BRAND PLANNING THROUGH COVID-19
As the world adjusts to remote collaboration and video meetings, your brand plan, too, will have to adapt to the impact of the COVID-19 pandemic. Many brand leaders completed some or all of the 2020 brand planning process through the pandemic, reinforcing the importance of clear structure and seamless communication. However, COVID-19 has far-reaching applications across every area of the pharmaceutical manufacturing business. All brands, from pre-launch to mature, will need to account for changing market dynamics to accurately and successfully navigate this unknown landscape. As a brand leader, you must re-analyze every aspect of the tactical plan to adapt to the new lives of their customers, partners and patients.
NEW PLANS for NEW PARADIGMS
The distribution of tactics and investments may include new approaches and considerations that test the Brand team, and your brands have to be adaptable. In your next brand planning discussion, consider reevaluating the following:
- How will the risk profile of your company or brand impact the execution of your SI’s?COVID-19 forces brands to reevaluate potential risk profiles and use scenario planning to fully explore contingency plans.
- How might your brand need to refine your communication strategy? A brand may need to revamp HCP and patient messages to address changing priorities. In rollout, the team should discuss revised channel optimization, sales team deployment, and detail tools/technologies to maintain connection.
- Will changes in the supply chain impact your ability to reach your strategic goals? Recognizing potential changes in product demand can trigger updates to forecasting assumptions for launch or sales plans.
- What can you do to better support your HCP & KOL networks? Engaging with physicians through innovative channels can help them better support their patients. The brand team must analyze what tools and systems are necessary for continuation
COMMON PITFALLS in the BRAND PLANNING PROCESS
It is easy to fall off track in the brand planning process— but you’re not alone!
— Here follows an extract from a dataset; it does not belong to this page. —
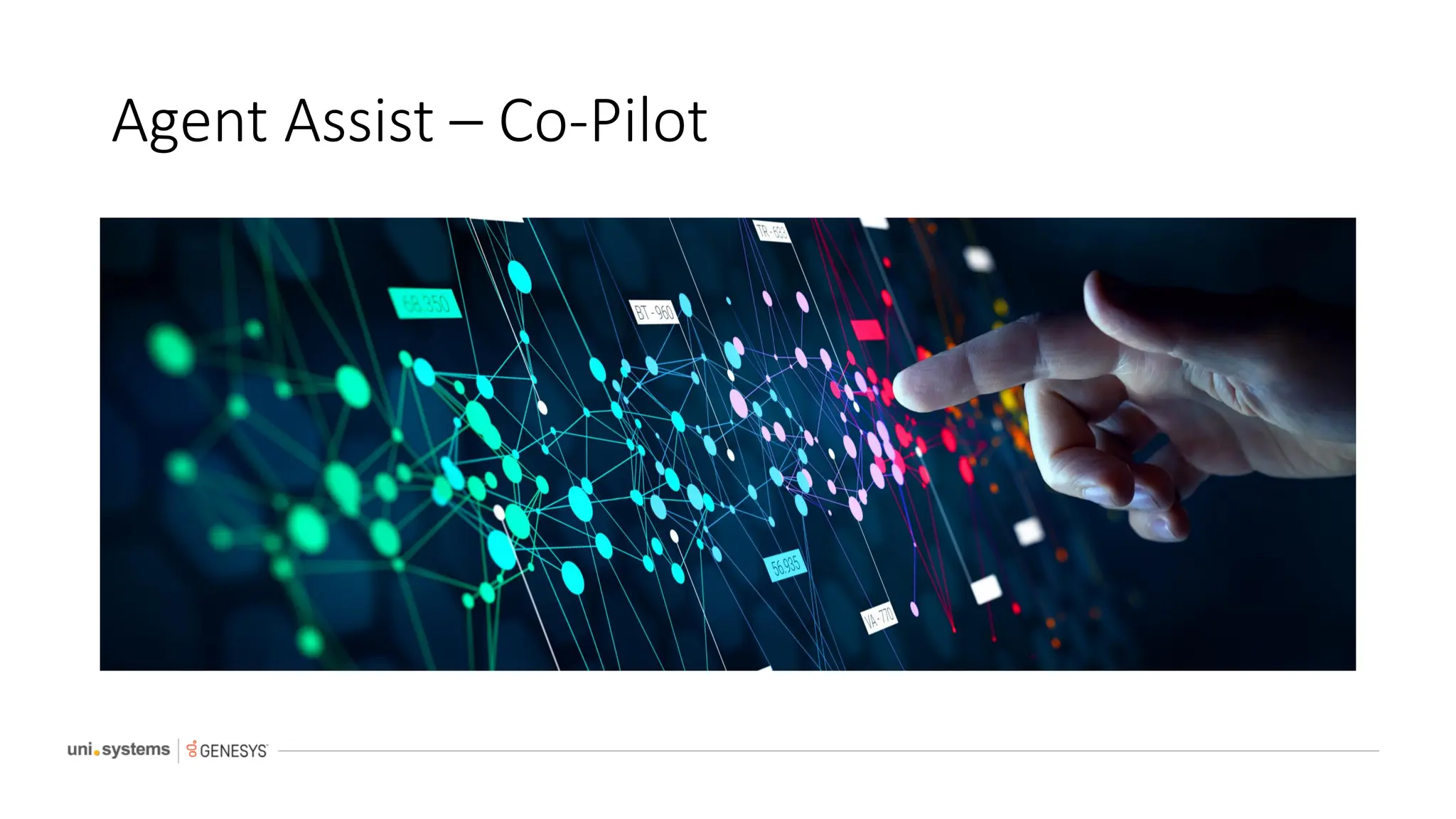 Agent Assist – Co-Pilot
Be wary of these common pitfalls through the process to ensure your team is engaged and produces highly strategic work.
- Assembling too big of a team to keep everyone engaged and contributing
- Trying to start from scratch each year, without reviewing last year’s plan
- Hosting too many meetings/difficult workshops, which leads to burnout and lack of focus
- Trying to “make your mark” by introducing some-thing new to the plan for the sake of change
- Carrying too many Strategic Initiatives or SI’s that trend towards tactics
- Keeping Strategic Initiatives that are not measurable and/or not implementing a measurement plan
- Proceeding with no leadership buy-in at each step of the process, or waiting until the final draft to engage leadership
- Not being choosy enough or trying to do everything for everybody
- Not aligning your plan with the global brand plan/directives
- Ignoring the product’s maturity when crafting your strategies (e.g., market maintenance vs. adoption)
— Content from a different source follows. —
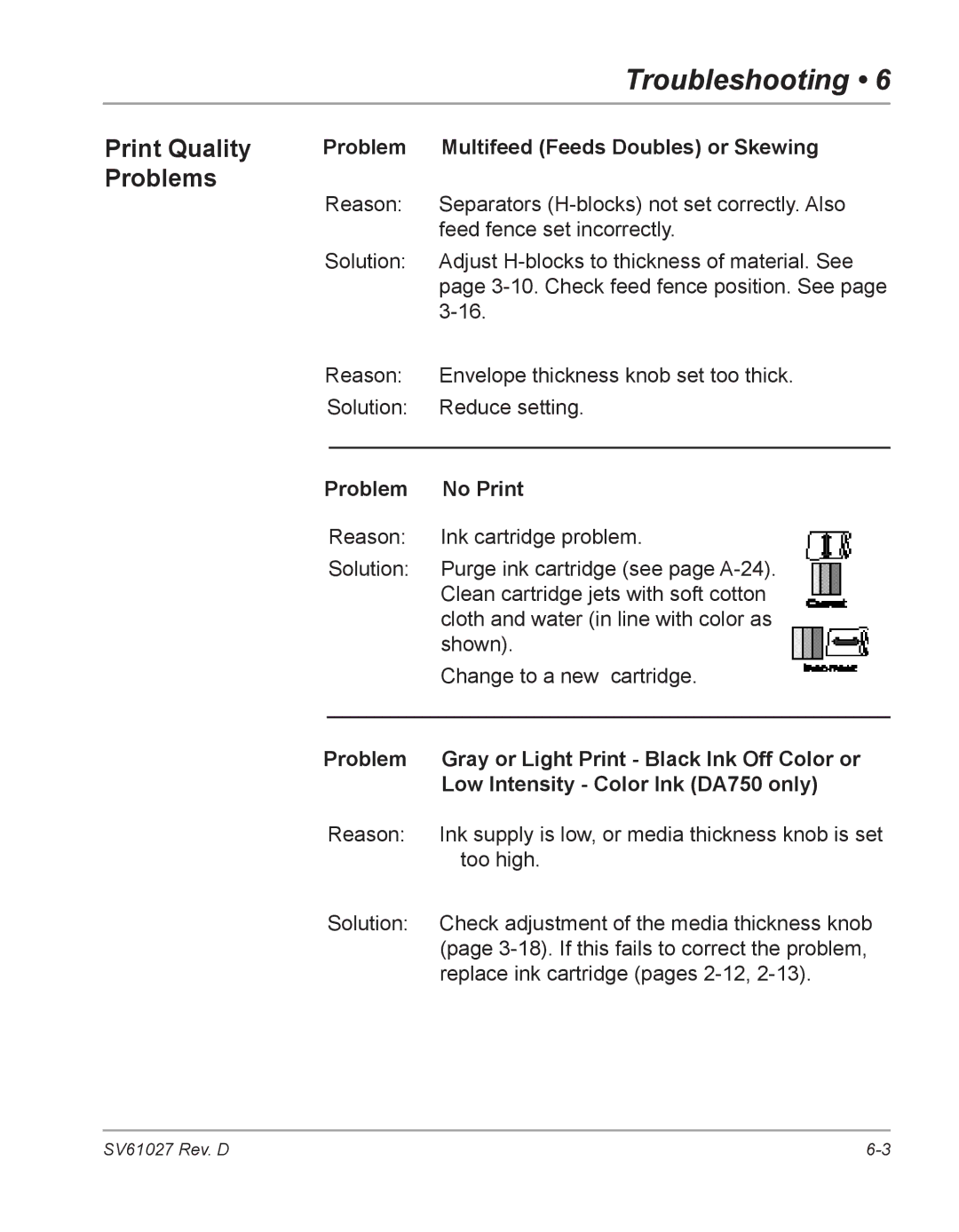 Pitney Bowes DA700 Problem Multifeed Feeds Doubles or Skewing, Problem No Print, Low Intensity Color Ink DA750 only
- Reusing last year’s plan without putting in work wto generate new insights/learnings
CONCLUSION
Once your planning is over and your document is finalized, you’re not done as a brand leader. A brand plan gets its second life once the new year has started. With the strategies in place, the brand team can now shift priorities to KPI tracking, performance measurement, and optimization of tactics. A successful brand plan is durable enough to withstand market shifts throughout the year, but it always remains the guiding force for the brand team as you work to build and maintain market leadership. Even as circumstances change, a robust brand plan provides durable and risk-balanced strategies for navigating evolving markets. As you take on the challenges of the year, the team should keep the core brand strategies on their desks as a call to arms that informs every brand decision. When they think back on the brand planning process, they should understand precisely why those strategic goals are so important to the brand—and, just maybe, remember how much fun they had in the process.